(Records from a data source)

>>

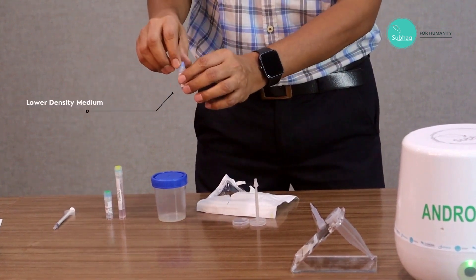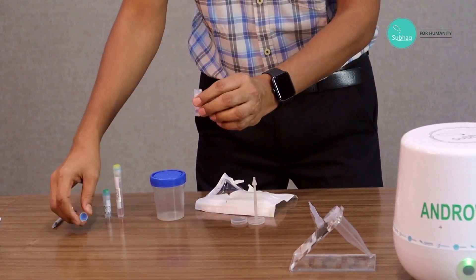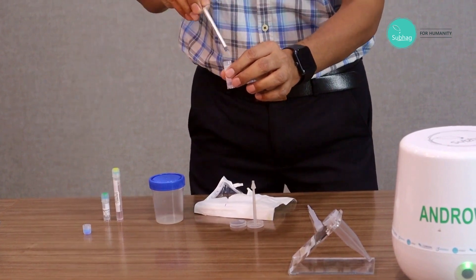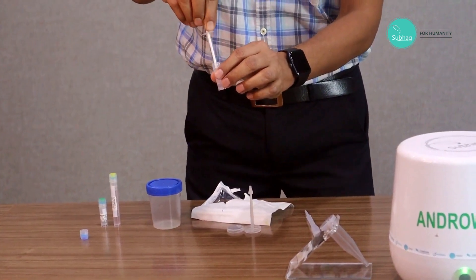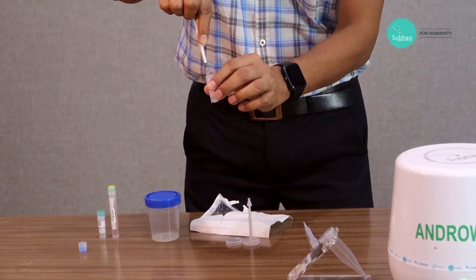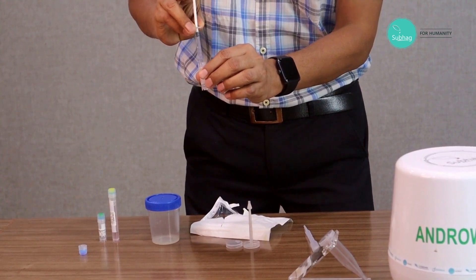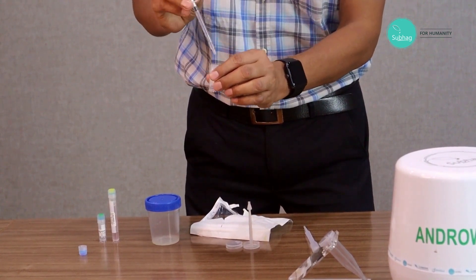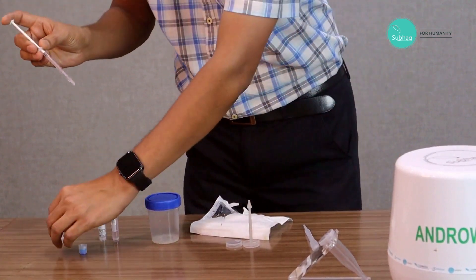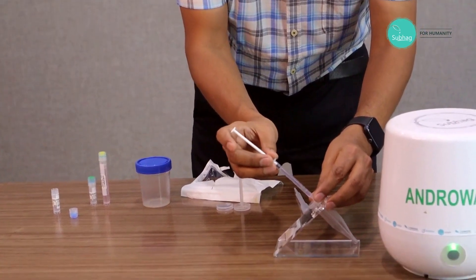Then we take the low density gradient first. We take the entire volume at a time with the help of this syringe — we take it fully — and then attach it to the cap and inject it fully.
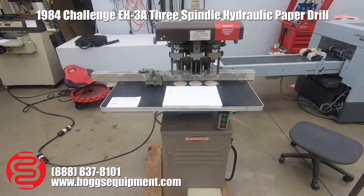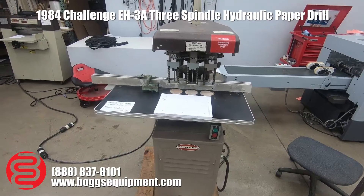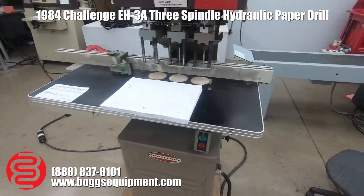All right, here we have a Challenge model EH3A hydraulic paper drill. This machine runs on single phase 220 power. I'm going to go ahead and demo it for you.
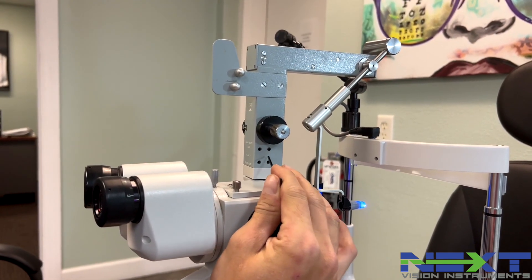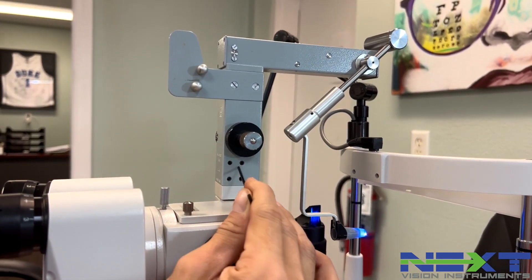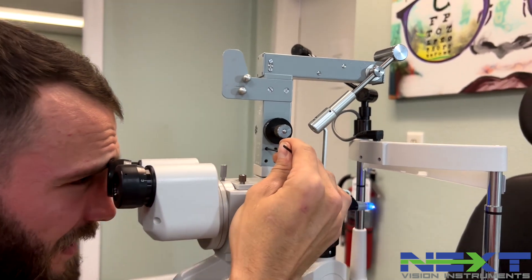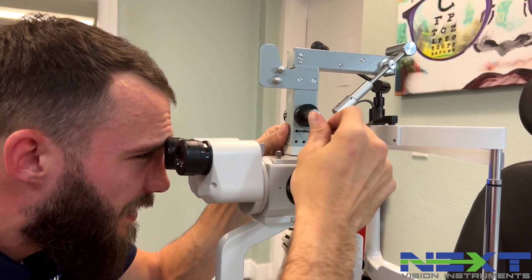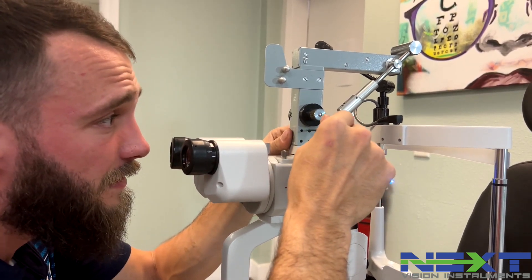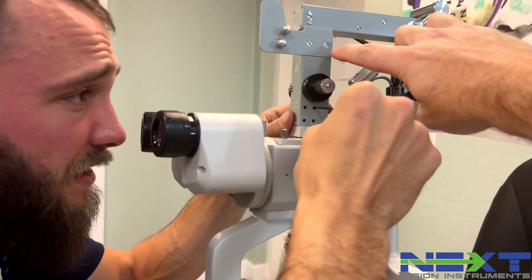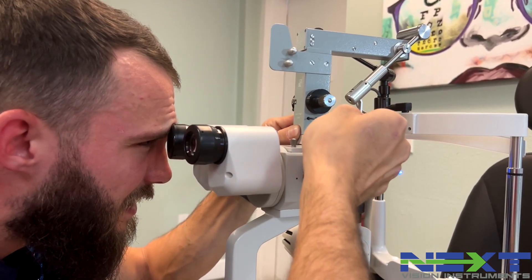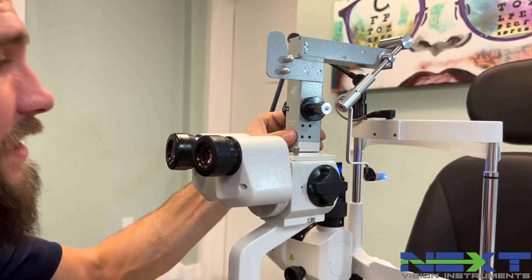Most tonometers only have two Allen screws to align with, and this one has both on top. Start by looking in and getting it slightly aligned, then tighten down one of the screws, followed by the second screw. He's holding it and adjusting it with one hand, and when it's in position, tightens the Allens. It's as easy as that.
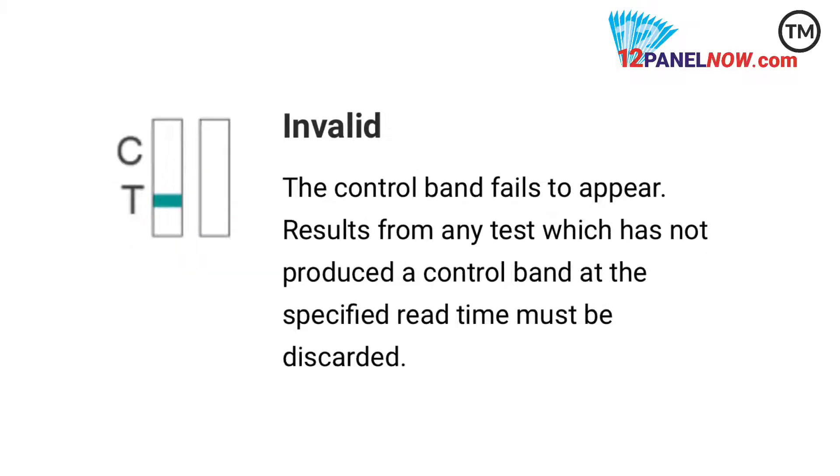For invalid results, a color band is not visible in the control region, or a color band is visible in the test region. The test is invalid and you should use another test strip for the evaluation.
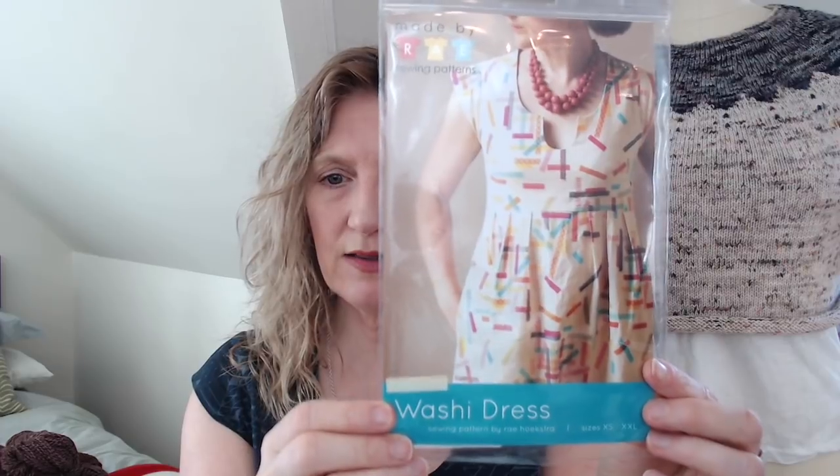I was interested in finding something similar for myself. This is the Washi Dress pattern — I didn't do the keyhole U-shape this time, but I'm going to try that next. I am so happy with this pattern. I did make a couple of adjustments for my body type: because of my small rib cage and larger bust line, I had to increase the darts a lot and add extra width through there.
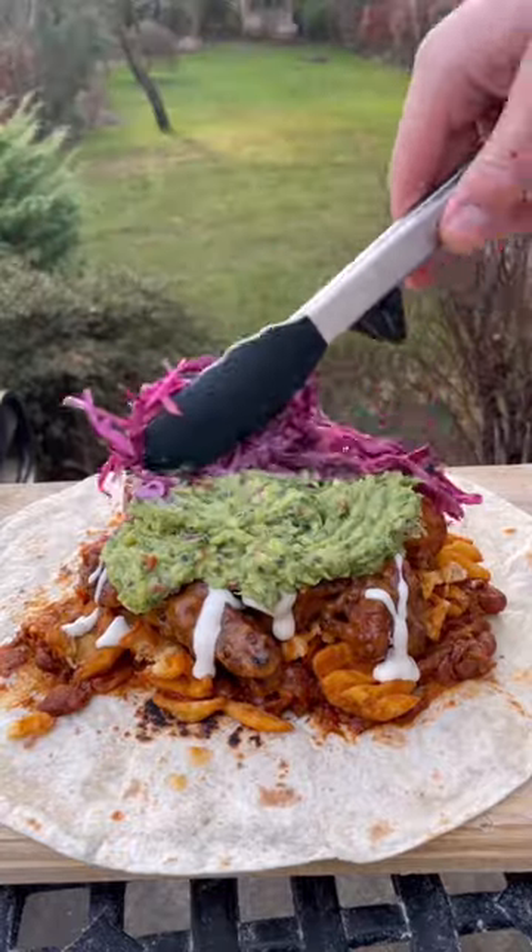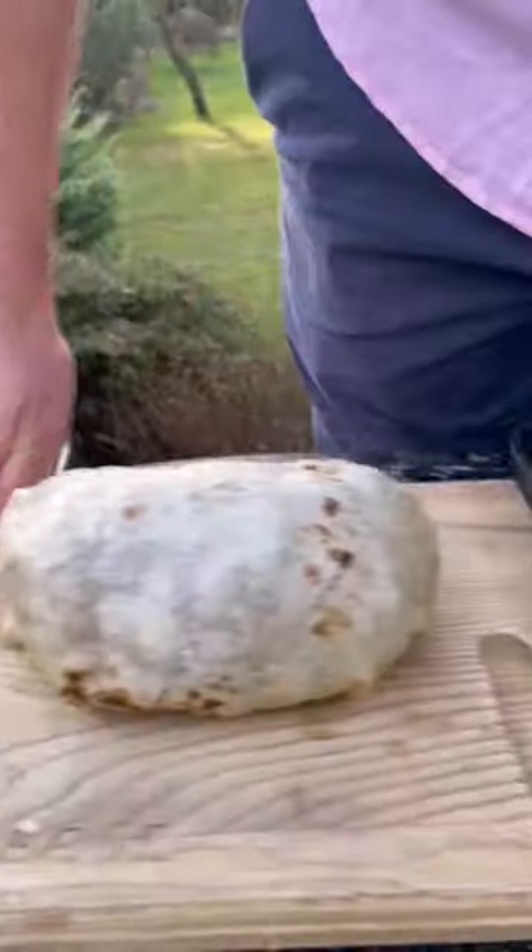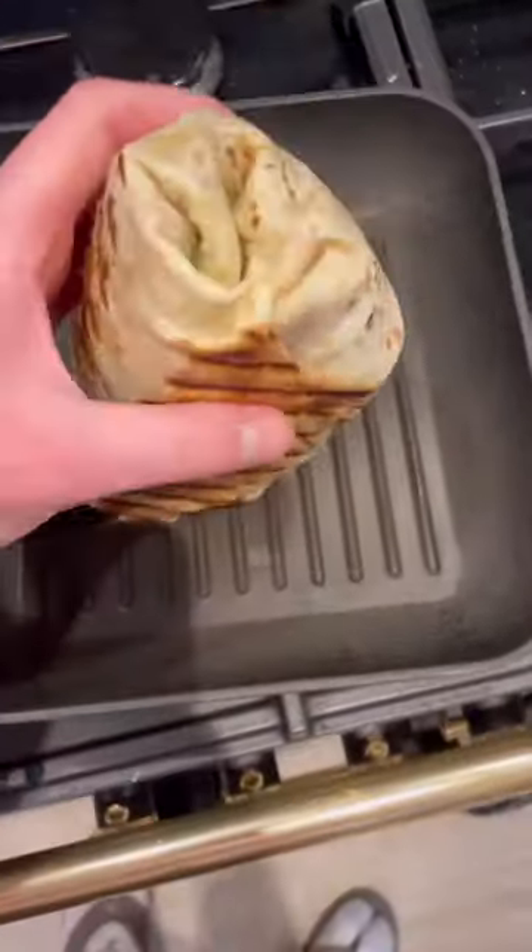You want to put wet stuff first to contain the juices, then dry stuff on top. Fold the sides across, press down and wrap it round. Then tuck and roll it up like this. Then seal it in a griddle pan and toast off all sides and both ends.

<<

Copy the entries exactly. No pictures.

§ **TASK RESPONSE**:
Then we take the low density gradient first. We take the entire volume at a time with the help of this syringe — we take it fully — and then attach it to the cap and inject it fully.
All right, here we have a Challenge model EH3A hydraulic paper drill. This machine runs on single phase 220 power. I'm going to go ahead and demo it for you.
Most tonometers only have two Allen screws to align with, and this one has both on top. Start by looking in and getting it slightly aligned, then tighten down one of the screws, followed by the second screw. He's holding it and adjusting it with one hand, and when it's in position, tightens the Allens. It's as easy as that.
For invalid results, a color band is not visible in the control region, or a color band is visible in the test region. The test is invalid and you should use another test strip for the evaluation.
I was interested in finding something similar for myself. This is the Washi Dress pattern — I didn't do the keyhole U-shape this time, but I'm going to try that next. I am so happy with this pattern. I did make a couple of adjustments for my body type: because of my small rib cage and larger bust line, I had to increase the darts a lot and add extra width through there.
You want to put wet stuff first to contain the juices, then dry stuff on top. Fold the sides across, press down and wrap it round. Then tuck and roll it up like this. Then seal it in a griddle pan and toast off all sides and both ends.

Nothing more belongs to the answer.